Taylor Swift
Taylor SwiftReuters

Taylor Swift may look every bit the all-American girl-next-door, but according to white supremacists, she’s actually a Nazi at heart, feeding her legions of followers racist messages coated in the saccharine lyrics and sick beats of Grammy-winning songs.

The Vice blog Broadly explored the extent and origins of that conspiracy theory in a post Monday, speaking to Andre Anglin, a writer of the white supremacist blog the Daily Stormer, about the blond hair, blue-eyed singer’s fascist appeal.

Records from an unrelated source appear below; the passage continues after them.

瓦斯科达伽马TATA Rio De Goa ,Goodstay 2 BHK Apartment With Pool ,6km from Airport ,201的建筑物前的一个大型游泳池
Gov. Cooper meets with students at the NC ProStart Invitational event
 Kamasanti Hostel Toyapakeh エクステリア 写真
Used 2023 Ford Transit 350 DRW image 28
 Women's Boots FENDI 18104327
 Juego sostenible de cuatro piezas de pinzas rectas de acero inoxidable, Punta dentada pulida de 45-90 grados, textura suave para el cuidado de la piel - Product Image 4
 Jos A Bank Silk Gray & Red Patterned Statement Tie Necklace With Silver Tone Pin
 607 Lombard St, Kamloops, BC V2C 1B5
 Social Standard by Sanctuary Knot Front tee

“Firstly, Taylor Swift is a pure Aryan goddess, like something out of classical Greek poetry. Athena reborn,” Anglin said. “It is also an established fact that Taylor Swift is secretly a Nazi and is simply waiting for the time when Donald Trump makes it safe for her to come out and announce her Aryan agenda to the world.” (He provided no evidence of said “established fact.”)

The reference to Trump connects this peculiar meme to the recent political phenomenon of the “alternative right,” more commonly called the “alt-right,” a vague, amorphous subculture that lives online and is defined by its outspoken racist and ultra-nationalist views — and known for its support of the presumptive Republican nominee for president.

But the connection between Swift and Hitler pre-dates the rise of Trump, according to Milo Yiannopoulos, a columnist for the right-wing website Breitbart. Its possible origin is a satirical photo series started in 2013 by teenage Pinterest user Emily Pattinson, who overlaid photos of Swift with Hitler quotes attributed to the singer.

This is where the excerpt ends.